[[ Data to process, beginning ]]

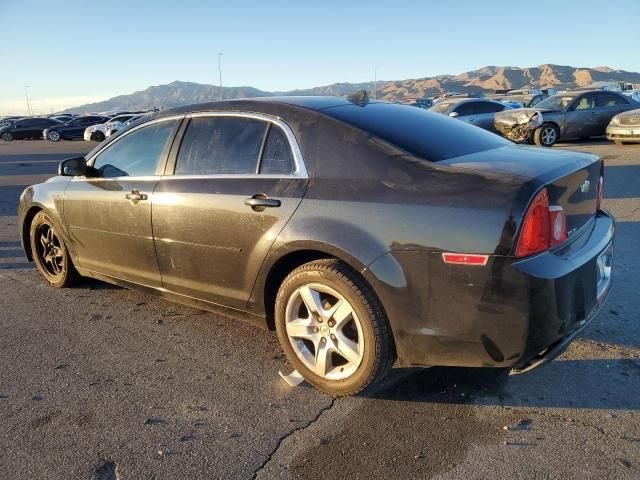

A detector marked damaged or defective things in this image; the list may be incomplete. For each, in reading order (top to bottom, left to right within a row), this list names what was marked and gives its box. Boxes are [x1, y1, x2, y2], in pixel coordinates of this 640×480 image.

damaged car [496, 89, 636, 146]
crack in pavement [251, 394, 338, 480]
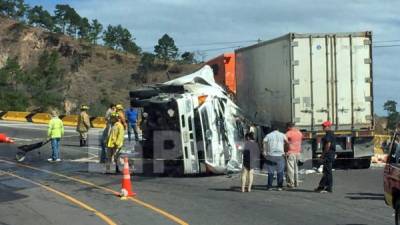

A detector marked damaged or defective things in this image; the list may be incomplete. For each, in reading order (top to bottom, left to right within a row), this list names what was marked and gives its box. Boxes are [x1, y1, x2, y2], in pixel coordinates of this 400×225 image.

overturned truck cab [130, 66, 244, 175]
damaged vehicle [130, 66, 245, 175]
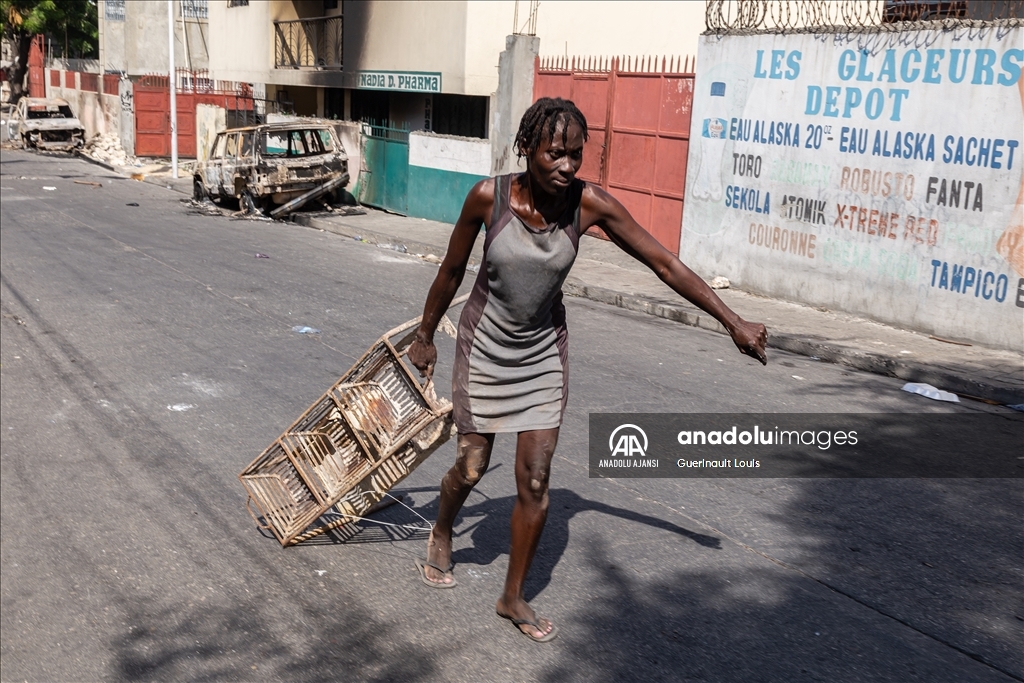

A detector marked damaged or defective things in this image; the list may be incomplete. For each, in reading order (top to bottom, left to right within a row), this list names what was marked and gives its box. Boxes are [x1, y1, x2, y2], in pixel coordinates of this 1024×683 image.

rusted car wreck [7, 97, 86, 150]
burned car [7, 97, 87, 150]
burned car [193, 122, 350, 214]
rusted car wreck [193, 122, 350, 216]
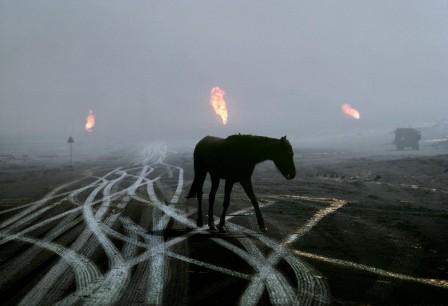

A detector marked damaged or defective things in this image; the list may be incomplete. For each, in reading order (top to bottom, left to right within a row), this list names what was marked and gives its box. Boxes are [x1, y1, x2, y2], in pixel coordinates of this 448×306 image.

[[ Data to process, end ]]

Your objective – For this exercise, transcribe the data above line by line, exactly, with pictures omitted.

Response area –
A detector marked damaged or defective things in this image; the list may be incomplete. For each, in reading order (top to bottom, left to right within a row), this list names what was marked and gives its box. Boxes are [x1, y1, x2, y2], in pixel coordinates of this 640×480 image.

damaged car [496, 89, 636, 146]
crack in pavement [251, 394, 338, 480]

A detector marked damaged or defective things in this image; the list may be incomplete. For each, in reading order (top to bottom, left to right within a row), this list names what was marked and gives its box. Boxes are [x1, y1, x2, y2], in pixel coordinates of this 400×225 image.

overturned truck cab [130, 66, 244, 175]
damaged vehicle [130, 66, 245, 175]

A detector marked damaged or defective things in this image; the list may be incomplete. For each, in reading order (top to bottom, left to right within a row), this list names what was marked and gives its box. Boxes are [x1, y1, x2, y2], in pixel coordinates of this 1024×683 image.

rusted car wreck [7, 97, 86, 150]
burned car [7, 97, 87, 150]
burned car [193, 122, 350, 214]
rusted car wreck [193, 122, 350, 216]

A detector marked damaged or defective things in this image; the list may be incomplete. For each, in reading order (top to bottom, left to right within a row), this list names what was marked and gives its box. Boxes are [x1, y1, x2, y2], in pixel coordinates of this 448×306 image.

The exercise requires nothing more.